I’m new to CNC, so please bear with me here.
I have an STL model generated by OpenSCAD that I have already used to do 3D printed draft versions of two mechanical parts that I need to fabricate in very small quantities (like 1 each). My goal is to cut the final versions of these parts out of an 8mm-thick sheet of T6 aluminum using the 200W CNC module. Unfortunately, I’m running into a few sharp edges in the software that I’m not quite sure how to solve.
The biggest issue I’m running into is that the toolpath that Luban generates is incredibly suboptimal, removing far more material than is actually needed. Like 10,000x as much material as is needed.
The model I’m trying to mill consist of two separate pieces that are roughly U-shaped. That means there’s an area in the middle that isn’t part of either model. That area is roughly plus-shaped, and is 120mm x 80mm, the center of which is a roughly square area that’s roughly 40mm x 80mm, for a total of almost 50% of the 120mm x 120mm part of the plate that’s I’m actually working with.
The model is, in fact, entirely flat, with the exception of some bore holes, which need to be bored at a small diameter for the screw and a larger diameter partway through the material to accommodate the head. Were it not for that, I’d just use an SVG file and tell it to do cutting, but it insists on treating this as carving because I’m starting from a 3D model. I’m not sure if this is a problem or not.
An optimal toolpath would cut out a single path that’s as wide as the end mill, removing just enough material to separate the part that I want to keep from the rest.
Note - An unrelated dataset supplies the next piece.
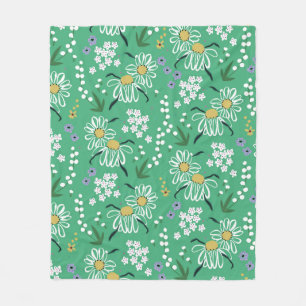 Manta Polar flores lindas y botiquinas retro pintado a mano vi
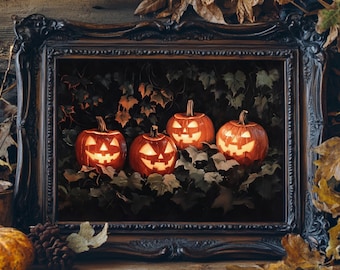 Halloween Pumpkins Painting, Moody Jack O Lantern Wall Art Print, Dark Vintage Spooky Season Poster, Spooky Fall Artwork Gothic Horror Decor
This would result in cuts totaling somewhere on the order of 800–1000 mm in length.
But does Luban do that? Oh, no. Luban chooses to grind away everything that isn’t supposed to be kept. The result is a lot of unnecessary cutting because of the shape of the model. We’re talking about 1.3 million lines of g-code here, the overwhelming majority of which involves going back and forth hundreds of thousands of times to grind away those huge areas of unused material that could just as easily be left alone.
The same is true for the two large holes in each piece, though that’s at least a more tolerable amount of material than the space between them.
Compounding this is the fact that it needs to drill five bore holes in extremely precise spots, which requires the use of the 1.5mm flat end mill, and I’d rather not try to change bits out in the middle if I can help it, which means that removing so much material is a huge problem.
The result, of course, is a model that is estimated to take 55 days to carve. Slow doesn’t begin to cover that. And maybe I’m being way too conservative in the stepdown, stepover, plunge speed, and work speed numbers, but even if I could speed things up by an order of magnitude, the amount of time would still be absolutely nuts.
The second problem is that it isn’t adding cuts all the way around the pieces, instead leaving one entire side of the pieces completely uncut. There’s no obvious way to get it to keep showing me the outline for the imported model so I can draw additional cut lines. I guess I could import a simple rectangular model and create a separate toolpath from that, but I was wondering if there’s a way to tell it to cut the edges, too.
Then again, the cynic software engineer in me thinks that perhaps this is a good thing, because if it did, it might try to grind away the entire remainder of the 200mm x 200mm plate.
Any thoughts? Are there settings I’m missing that would cause it to generate g-code that completely detaches the part from the plate, and that doesn’t waste time grinding away anything that would be completely detached? Are there other tools for generating g-code from STL (or directly from OpenSCAD) that would produce less overly verbose g-code?